The IRS for many years has claimed that it audits all of the very biggest of the large corporations, those reporting assets of $20 billion or more. But agency data seem to contradict this assertion, at least when it comes to expert audits of the biggest financial services firms by its trained FS specialists. According to the IRS there were a total of 308 returns filed by these massive financial services businesses in FY 2008. The auditors in the Financial Services unit at IRS, however, report that they were only able to examine the books of 100 of the behemoths. In other words, the FS agents did not have the staff time needed to examine the remaining two-thirds of these firms (see Table 5).
Problems Grow, IRS Response Contracts
Looked at over time, even as there were increasing signs of trouble in this area of the economy, the changes in the actual audits and audit hours of large corporations undertaken by the Financial Services group as compared with the remaining industry groups is also surprising.
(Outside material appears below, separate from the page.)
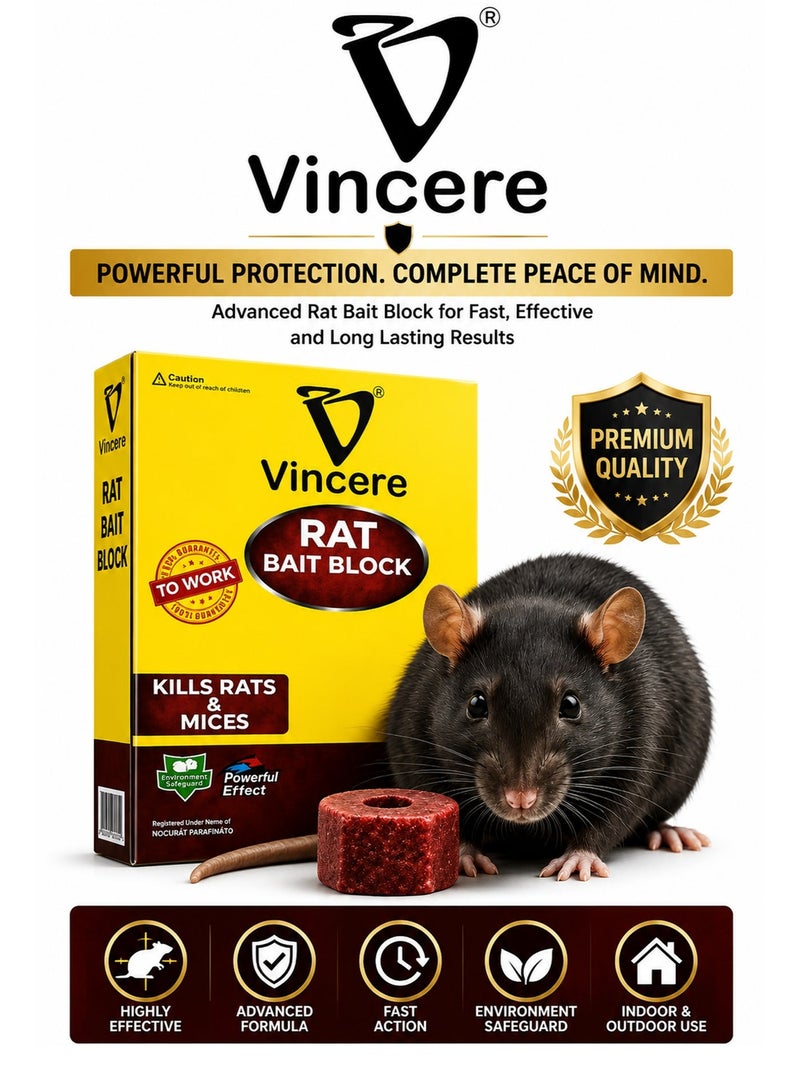Rat Bait Block for Rats and Mice – Powerful Rodent Killer Bait Blocks for Indoor and Outdoor Use – Fast Action Rat and Mouse Control Solution - Image 2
As shown in the Table 6, from FY 2001 to FY 2008 audits by the Financial Service group of large corporations declined by 18% and audit hours slumped by 39%. By contrast, for all the other industry groups in the LMSB, actual audits during the same period increased by 22% and audit hours only showed a slight 8% decline (see Figure 3 and Table 6).
The disproportionate cutbacks in the resources allocated to the Financial Services group have occurred despite the fact that the audits it has completed have in recent years turned up ever higher amounts of tax underreporting than was uncovered by the units assigned to the four other industry groups. As shown in Table 7, from FY 2001 to 2003 the additional taxes recommended by the other industry groups were all about the same — around $3,000 for each auditor hour. However, by FY 2004 the additional taxes recommended by Financial Services teams began to pull ahead of the amounts found by the other industry teams. And by FY 2008, the tax underreporting uncovered by Financial Sector teams amounted to over $11,000 per auditor hour — up 270% over from the beginning of this period. In the same year, this compared to around $7,000 per auditor hour by other industry groups (see Figure 5 and Table 7). Thus the IRS cannot contend that the continued reductions in resources it has given to the Financial Services group was somehow related to the fact that these auditors were less successful than those assigned to the other industries. Indeed, the exact opposite has been true.
The Big Picture
Over the years, the IRS has developed into what many view as America's largest and most powerful regulatory agency. This special role is summarized in its sweeping mission statement: "to help the large majority of compliant taxpayers with the tax law, while ensuring that the minority who are unwilling to comply pay their fair share."
The information presented in this report asks whether at a time of serious economic troubles the IRS actually has the basic resources and necessary will required to accomplish its mission. Sadly, however, partly because of the refusal of the agency to abide by the 43-year-old FOIA, much of the information the public needs to answer this critical question is not available.